Thursday, October 21, 2010

Dead Sea Scrolls Online



One of the annoying truths about the contents of ancient archives such as the Dead Sea scrolls is that the mass of such documents are not terribly important at all and rarely are worth the effort to copy.  Today, digitalization has brought that cost way down and has produced useful and permanent recordings that truly preserve the content.

More wonderfully, the record is now open to all eyes, as are the Vatican records and are the records of the Spanish rule of the Americas.  And yes there are gems to be found by many scholars poring over the information.

I learned many years ago that important discoveries are a function of the number of informed eyeballs, rather than those of the first eyeball.  At times a properly prepared mind will spot that gem immediately, but that is called cherry picking.  One soon learns to value informed discussion and open debate to aid interpretation.

Beyond that it is understandable that scholars will naturally hoard raw data.  I just disagree with all that and think all such data needs to be published in digital form after a grace period to allow the owners to publish.  This also goes a long way to preserving such data.  Some of that data can also be legitimately charged out to produce a modicum of revenue back to the original creator as is done in the oil exploration business with seismic.
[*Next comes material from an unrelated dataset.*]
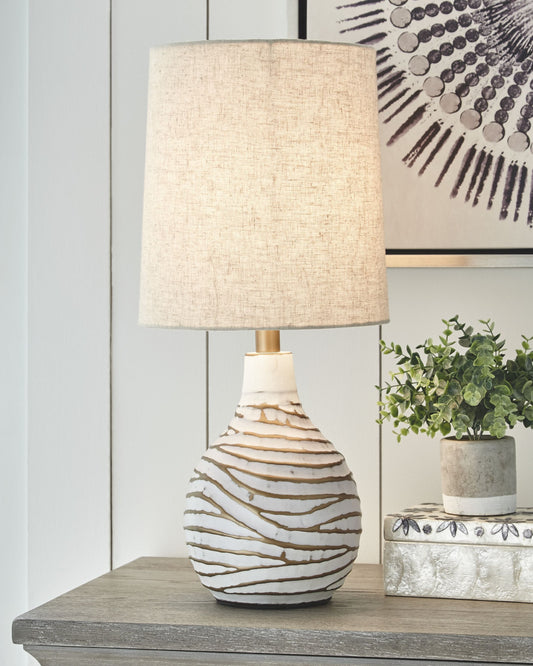 Aleela - Metal Table Lamp - White / Gold Finish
Dead Sea Scrolls to be digitized and put online
Google helps bring the Dead Sea Scrolls online  The Israel Antiquities Authority and Google are digitizing the entire collection of the Dead Sea Scrolls, bringing one of the greatest archeological finds of the past century online.

By Joel Greenberg

Special to The Washington Post 

Tuesday, October 19, 2010; 4:06 PM

JERUSALEM - The Israel Antiquities Authority and Google announced Tuesday that they are collaborating to produce digitized images of the entire collection of the Dead Sea Scrolls and put them on the Internet, making the archaeological treasure available to anyone with the click of a mouse.

The joint project is the latest stage of gradually widening access to the 2,000-year-old documents, once available to only a restricted group of scholars but made more accessible in recent decades through facsimile editions and published studies. Organizers say the first images will be online in a few months.

The project marries "one of the most important finds of the previous century with the most advanced technology of the next century," said Pnina Shor, the director of the project at the Antiquities Authority. "We are putting together the past with the future in order to share it."

The scrolls were discovered in the late 1940s and the 1950s in caves east of Jerusalem, near the ruins of Qumran on the Dead Sea. Scholars say the manuscripts, written between the second century B.C. and the first century A.D., provide important insights into the history of Judaism and early Christianity. They include the earliest known copies of books of the Hebrew Bible.

Shor said the approximately 30,000 scroll fragments, making up 900 documents, would be digitally photographed using infrared and multi-spectral imaging, producing high-resolution, enlargeable images of the original scrolls whose clarity would make it possible to better decipher them.

The multi-spectral photography, based on techniques developed at NASA, was intended to detect physical changes in the scrolls - which are mostly made of parchment, though some are papyrus - and to track their deterioration for preservation purposes, Shor said. But it has also revealed or improved the legibility of parts of the text that have faded and discolored with age and are not visible to the naked eye.
The scrolls, several of which are on permanent display here at the Israel Museum, were last photographed in their entirety in the 1950s, and Shor said making them available online would preclude the need to expose them to light, heat and humidity and thus save them from further deterioration.

Yossi Matias, director of Google Israel's research and development center, said the company had been involved in digitizing major libraries in Europe, as well as collections at the Prado Museum in Madrid and Iraq's National Museum. The Dead Sea Scrolls project, he said, would "enrich and preserve an important and meaningful part of world heritage" by making it universally accessible.

The online presentation of the scrolls will also include translations, transcriptions and a bibliography that will enable users to search relevant material in a number of languages and formats, a project announcement said.

Viewers will be able to examine scroll fragments as part of a restored document or in isolation, enabling researchers and scholars to put forward new readings and interpretations of the texts without having to travel to Israel to view the original material, Shor said.

"It opens whole new fields of research and facilitates more scholarly work," she added, predicting that the enhanced access to the ancient documents "should lead to new insights into the world of the scrolls."

Greenberg is a special correspondent.